DATA PROVIDED -
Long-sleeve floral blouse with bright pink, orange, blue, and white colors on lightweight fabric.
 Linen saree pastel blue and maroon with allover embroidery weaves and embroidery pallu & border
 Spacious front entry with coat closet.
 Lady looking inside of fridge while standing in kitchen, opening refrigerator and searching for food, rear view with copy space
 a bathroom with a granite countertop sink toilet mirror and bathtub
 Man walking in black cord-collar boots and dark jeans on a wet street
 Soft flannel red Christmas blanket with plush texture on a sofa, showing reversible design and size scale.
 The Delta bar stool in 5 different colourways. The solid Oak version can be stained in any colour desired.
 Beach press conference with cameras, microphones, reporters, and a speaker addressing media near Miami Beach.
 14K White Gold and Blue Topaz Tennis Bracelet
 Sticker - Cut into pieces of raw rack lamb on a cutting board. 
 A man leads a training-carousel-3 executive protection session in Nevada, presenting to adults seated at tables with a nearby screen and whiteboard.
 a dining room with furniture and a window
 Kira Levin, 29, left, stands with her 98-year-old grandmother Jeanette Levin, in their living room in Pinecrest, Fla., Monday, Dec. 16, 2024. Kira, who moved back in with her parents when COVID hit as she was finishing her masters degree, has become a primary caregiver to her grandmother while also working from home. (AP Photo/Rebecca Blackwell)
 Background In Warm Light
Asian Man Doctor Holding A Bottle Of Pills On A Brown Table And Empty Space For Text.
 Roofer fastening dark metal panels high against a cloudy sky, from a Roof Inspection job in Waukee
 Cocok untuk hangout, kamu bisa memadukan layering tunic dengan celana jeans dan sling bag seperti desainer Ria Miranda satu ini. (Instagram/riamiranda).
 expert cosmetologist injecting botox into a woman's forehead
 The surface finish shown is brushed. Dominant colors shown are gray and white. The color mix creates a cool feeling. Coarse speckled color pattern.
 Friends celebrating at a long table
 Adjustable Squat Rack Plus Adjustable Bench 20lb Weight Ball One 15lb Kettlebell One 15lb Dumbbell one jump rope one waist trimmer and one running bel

WORK REQUIRED - Where a line above contains the word "dark", copy that line.

RESPONSE FOR THIS EXERCISE -
 Man walking in black cord-collar boots and dark jeans on a wet street
 Roofer fastening dark metal panels high against a cloudy sky, from a Roof Inspection job in Waukee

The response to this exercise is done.